You’re furious and can’t comprehend how someone could cause so much damage in one day. But from A.I.’s perspective, everything’s fine—he cut costs, just look at how much money he saved. He immediately offers to ‘fix’ things and waits for your next orders. Well, you get the picture…
A.I. can’t run your studio. It won’t paint a masterpiece for you. A.I. is your aide, your assistant. It can mix paints, buy a canvas, or post a job ad for new staff. It can handle all sorts of isolated tasks brilliantly. But it can’t replace you.
Owning the big picture, taking initiative, being thorough, and thinking long-term — these things require A.I. to have AGI (general artificial intelligence), which we’re still very far from. Don’t try to make AI your director; you’ll just waste your time.

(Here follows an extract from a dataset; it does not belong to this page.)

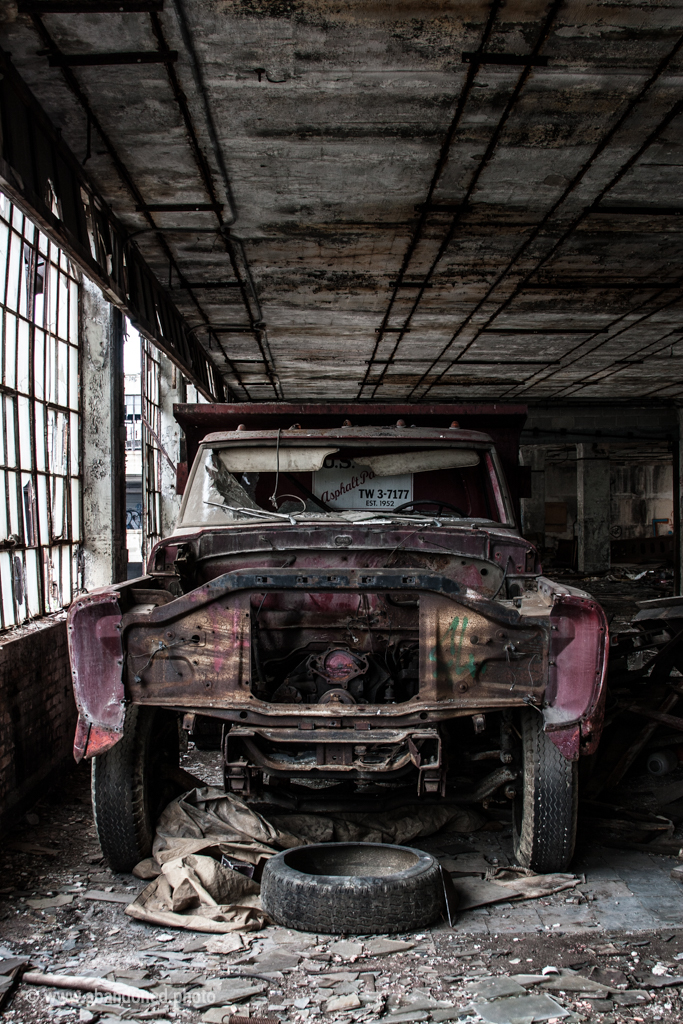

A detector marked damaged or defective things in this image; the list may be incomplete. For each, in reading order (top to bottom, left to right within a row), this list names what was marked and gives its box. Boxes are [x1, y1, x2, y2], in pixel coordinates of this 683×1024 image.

abandoned truck [66, 399, 606, 872]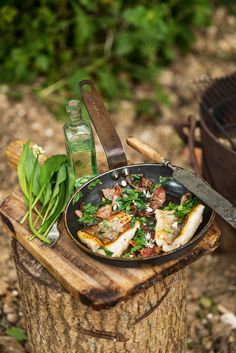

Thankfully, unlike the art studio owner, we’ve got CMD + Z. So we can just roll back the changes and return to our beloved studio in the heart of the city.
So, how do you use AI without falling into vibe-coding and unexpectedly ending up in a barn:
- AI is your assistant, not more. It can save time, but it won’t think for you.
- Break tasks into pieces. Let it write functions, templates, or fix syntax, but keep it isolated.
- Check everything and review it. AI code must not only work but also fit into your project, coding style and long-term strategy.
- Learn from it, but don’t get lazy. Look at how it solves things, figure out why, but don’t expect it to do all the work for you.
- Keep leveling up your skills. AI won’t replace your brain (and shouldn’t). Read docs, talk to people, stay sharp. That’s the only way it’ll be a joy to work with, not a burden.